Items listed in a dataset
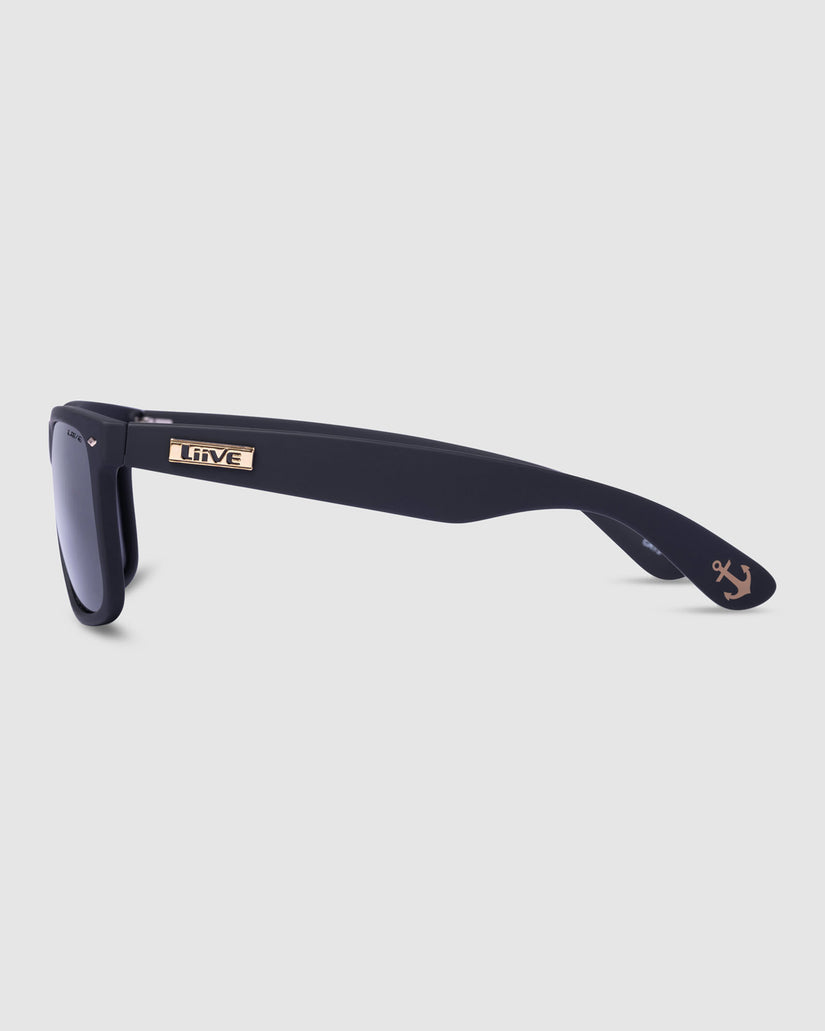 EL CAPITAN POLARISED SUNGLASSES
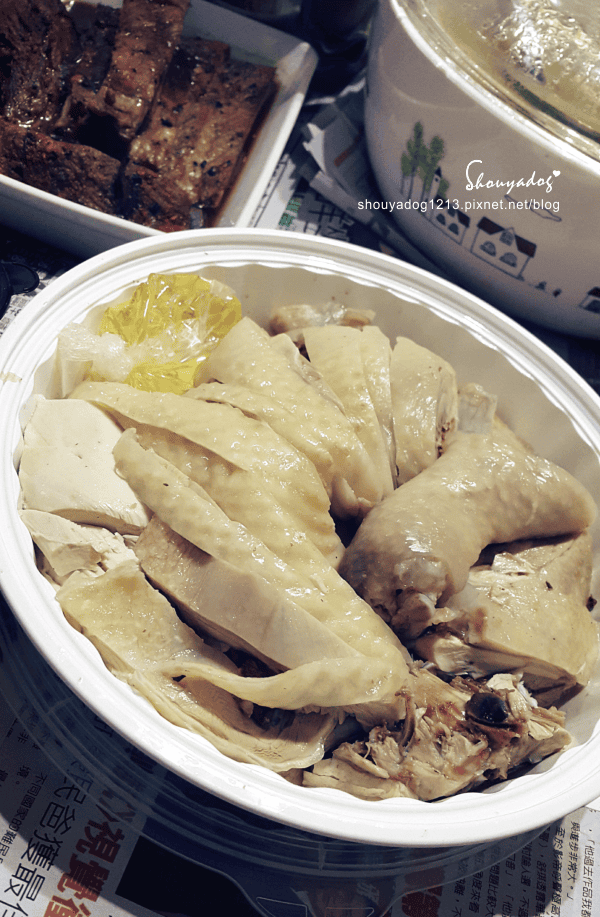 【年菜組合】把國富飯店團圓飯整組帶回家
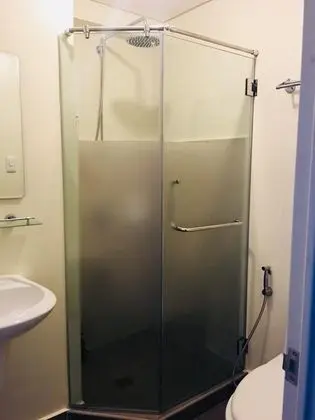 Deluxe Stüdyo Süit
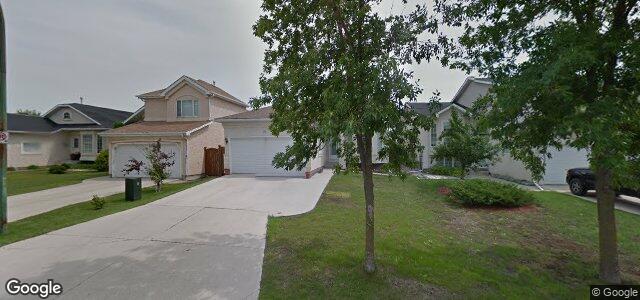 59 Silver Springs Bay（加拿大曼尼托巴省溫尼伯市）房屋照片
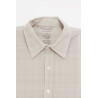 MFPEN CHALK SEERSUCKER VACATION SHIRT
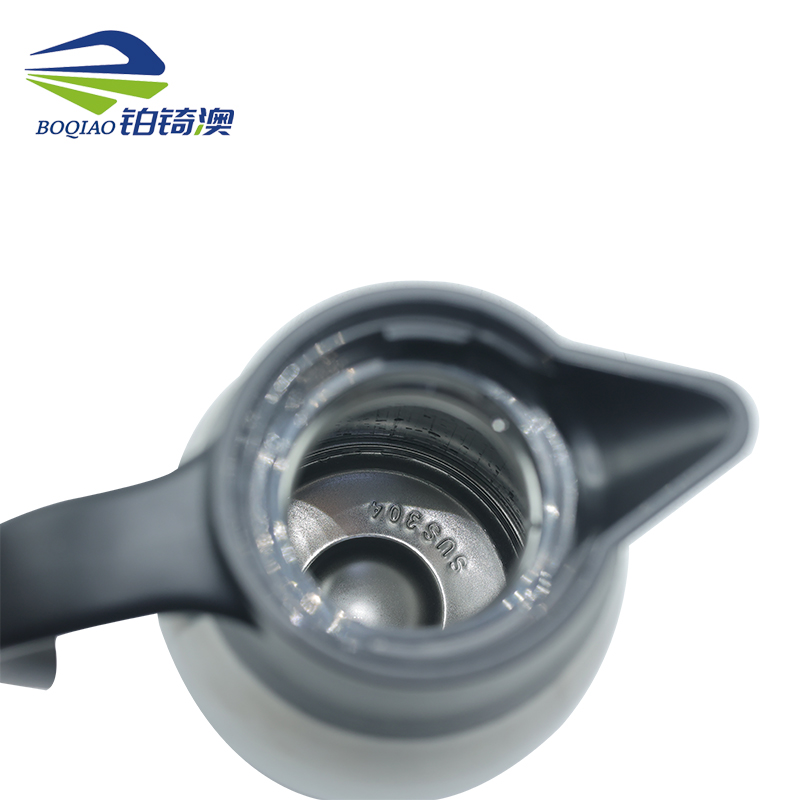 铂锜澳 304不锈钢真空壶 保温壶/2L/个高清大图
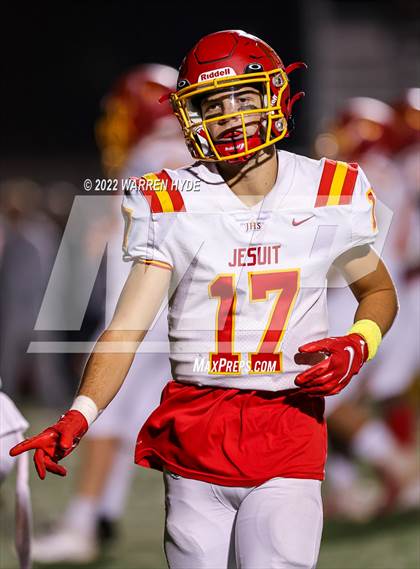 Thumbnail 1 in Jesuit @ Elk Grove photogallery.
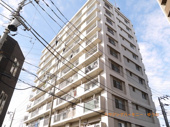 三田高島平第一コーポの画像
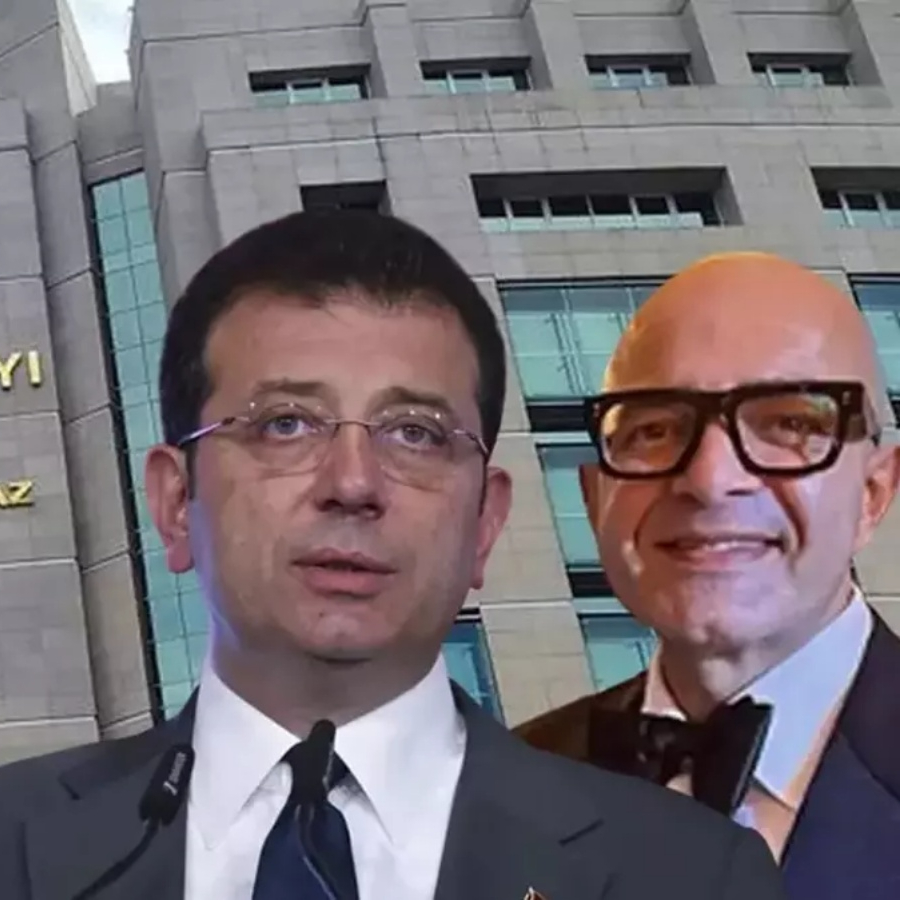 Ekrem İmamoğlu'nun casusluk iddianamesinde MİT bombası! İngiltere'nin 'gizli' beyinleriyle irtibat! Hüseyin Gün'ün rehberinde yok yok...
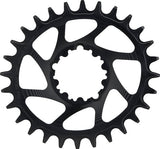 Garbaruk oval chainring gxp dub boost direct mount single speed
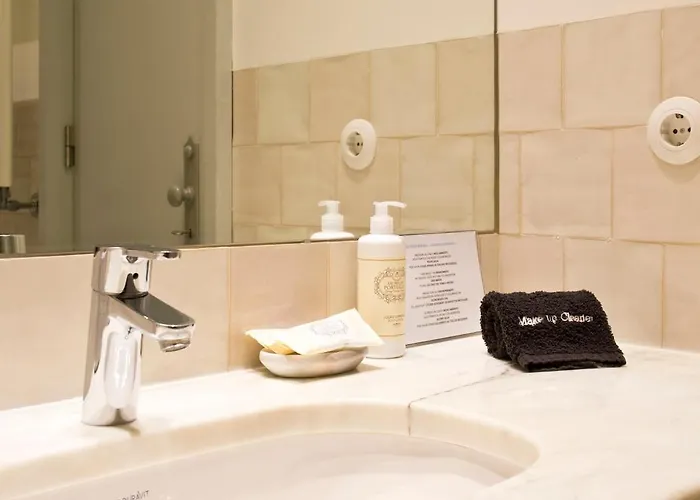 公寓 Boutique Rentals- The Miradouro Ribeira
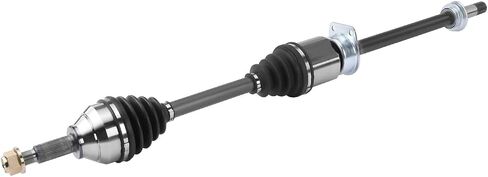 Detroit Axle - 2.0L Front Right CV Axle for Ford 2012-2014 Explorer, Passenger Side CV Axle Shaft Assembly 2013 Replacement in Saudi Arabia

* _Task_
Please repeat each record exactly and keep every picture out of the copy.

* _Answer to the exercise_
 EL CAPITAN POLARISED SUNGLASSES
 【年菜組合】把國富飯店團圓飯整組帶回家
 Deluxe Stüdyo Süit
 59 Silver Springs Bay（加拿大曼尼托巴省溫尼伯市）房屋照片
 MFPEN CHALK SEERSUCKER VACATION SHIRT
 铂锜澳 304不锈钢真空壶 保温壶/2L/个高清大图
 Thumbnail 1 in Jesuit @ Elk Grove photogallery.
 三田高島平第一コーポの画像
 Ekrem İmamoğlu'nun casusluk iddianamesinde MİT bombası! İngiltere'nin 'gizli' beyinleriyle irtibat! Hüseyin Gün'ün rehberinde yok yok...
 Garbaruk oval chainring gxp dub boost direct mount single speed
 公寓 Boutique Rentals- The Miradouro Ribeira
 Detroit Axle - 2.0L Front Right CV Axle for Ford 2012-2014 Explorer, Passenger Side CV Axle Shaft Assembly 2013 Replacement in Saudi Arabia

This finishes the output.